Jumat, 23 Maret 2012

Goodbye Sus!

Terhitung kemarin siang, Suster (pengasuh) yang mengurus Nana sejak berusia sebulan, resmi meninggalkan rumah keluarga kami. Dua hari sebelumnya mendadak Suster berkata kalau dia akan pulang kampung dan tidak akan kembali lagi karena urusan keluarga. Keputusan dadakan ini membuat saya dan suami sempat kebingungan karena kami sudah mempunyai sejumlah rencana untuk beberapa minggu ke depan yang tidak mungkin terlaksana jika tidak ada Suster. Apalagi saya dan suami bekerja, ditambah lagi sekarang adalah bulan pelaporan pajak, tentu saja kami sangat sibuk. Tapi apa boleh buat, saya tidak punya hak untuk melarang Suster pulang sehingga dengan lapang dada kami merelakan rencana-rencana tersebut terbengkalai.

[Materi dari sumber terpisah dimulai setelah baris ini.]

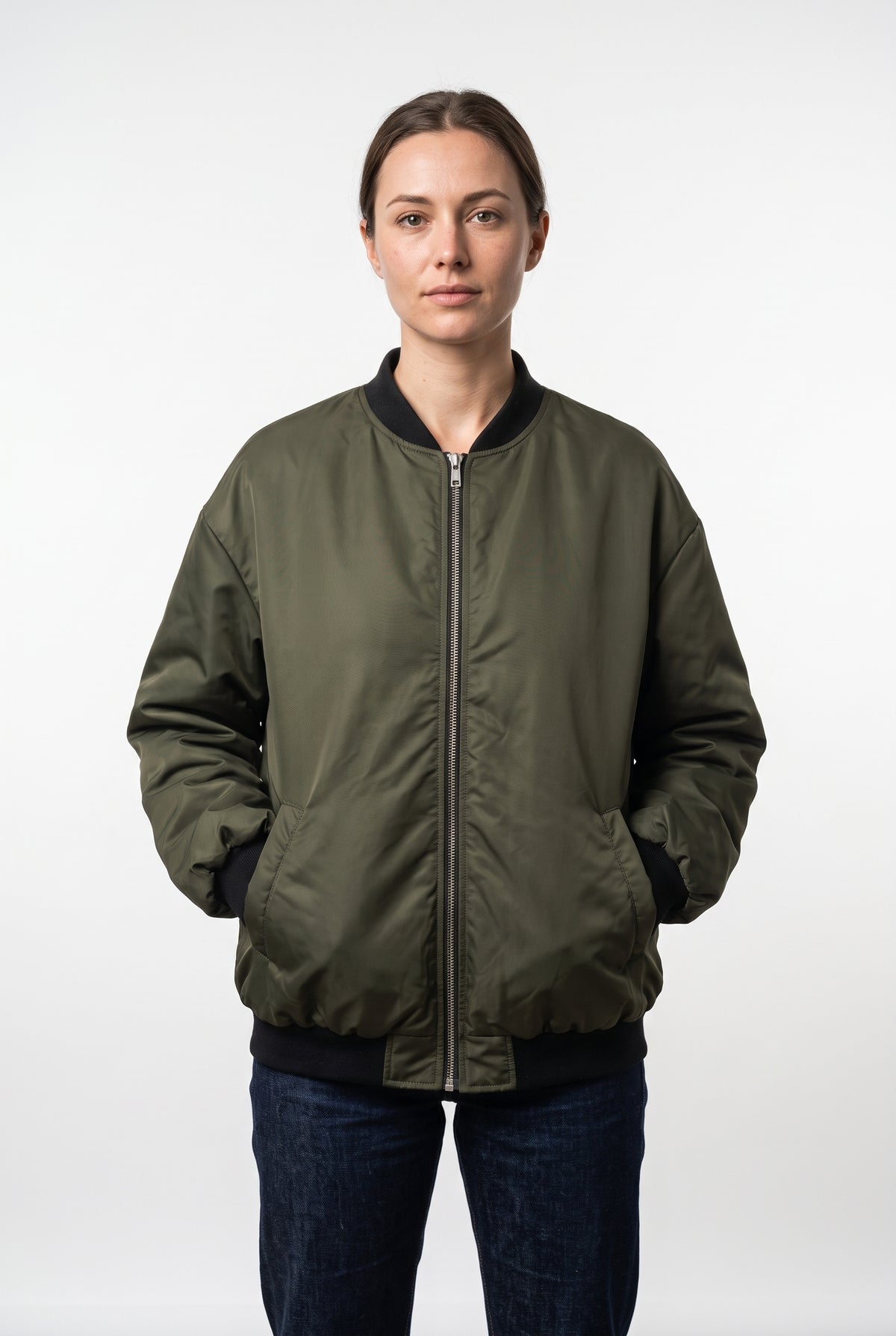 BOMBER OVERSIZE RÉVERSIBLE BAMBI/KAKI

Aku mengajak Nana mengantarkan Suster pergi, dan nampak wajah Nana yang bingung saat melihat orang yang selalu menemaninya selama dua tahun ini pergi meninggalkannya. Nana tidak menangis, tapi ada kekecewaan yang terpancar di wajahnya. Saya berusaha merespon keheranan Nana secara positif; saya bilang pada Nana kalau Suster mempunyai adik bayi yang harus diurus, sementara Nana sudah besar sehingga tidak perlu ditemani Suster lagi. Nana menerima penjelasan saya sehingga tidak bertanya lagi mengapa Suster tidak ada di rumah.

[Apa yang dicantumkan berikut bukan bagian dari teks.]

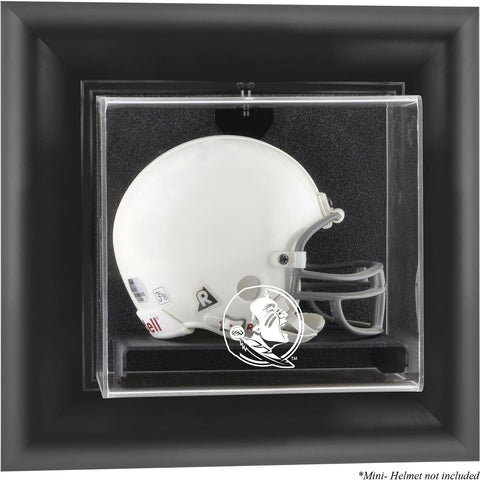 FSU Seminoles Logo Black Framed Wall-Mountable Mini Helmet Display Case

Jika dilihat ke belakang, sebenarnya, kami tidak sepenuhnya cocok dengan Suster. Bagi kami yang hanya keluarga kecil dengan penghasilan cukup, dia terlalu mata duitan. Gajinya lebih tinggi daripada UMR, ditambah uang tiga bulanan, keperluan sehari-harinya, bahkan kalau dia sakit seperti batuk, obatnya tidak mau beli sendiri. Dia juga sudah cukup berumur sehingga agak keras kepala dan cenderung tidak mau menerima gagasan dari pasangan muda seperti saya dan suami. Dia juga kurang apik dalam menggunakan peralatan rumah tangga; mulai dari kompor, microwave, hingga rice cooker. Namun hal paling parah yang kadang membuat saya gregetan adalah sikap judesnya pada PRT ( pembantu rumah tangga ). Selama dua tahun tinggal bersama kami, sudah 6 kali kami berganti PRT dengan alasan tidak cocok atau bertengkar dengan Suster. Tetapi saya tetap mempertahankan Suster karena dia telaten dalam mengurus Nana. Dia sabar jika Nana sakit atau rewel, tidak menyerah jika Nana susah makan, juga tidak malas menjalankan rutinitas anak seperti ganti pampers, makan buah, vitamin, dan lain-lain. Itulah sebabnya saya tutup mata pada segala kekurangan Suster dan mempercayakan putri semata wayang kami padanya.

Kini setelah Suster pergi, saya menyadari bahwa meskipun sifatnya tidak sempurna, tapi Suster juga telah berjasa banyak pada keluarga kami. Di satu sisi saya berharap mendapatkan pengganti yang baik seperti Suster, di sisi lain saya juga berharap Suster bahagia dengan pekerjaannya sekarang.

Ketiadaan Suster membuat saya ekstra sibuk dengan pekerjaan kantor dan mengurus Nana. Sampai nanti saya mendapatkan pengganti Suster, kira-kira tanggal 10 April nanti, saya akan membawa Nana ke kantor (di satu sisi saya bersyukur karena bekerja di perusahaan orangtua, sebab saya tidak seleluasa ini jika bekerja di tempat lain). Saya selalu berusaha melihat segala sesuatu secara lebih positif. Setidaknya kalau saya capek karena banyak yang harus saya lakukan, program diet saya pun akan terbantu. Selain itu saya punya suami dan keluarga yang pengertian sehingga saya merasa tidak terlalu lelah. Prinsip saya yang "semua ada waktunya" membuat saya yakin kalau semua kesulitan yang saya jalani sekarang akan membuat saya lebih bijaksana, lebih dewasa, dan lebih tahan banting.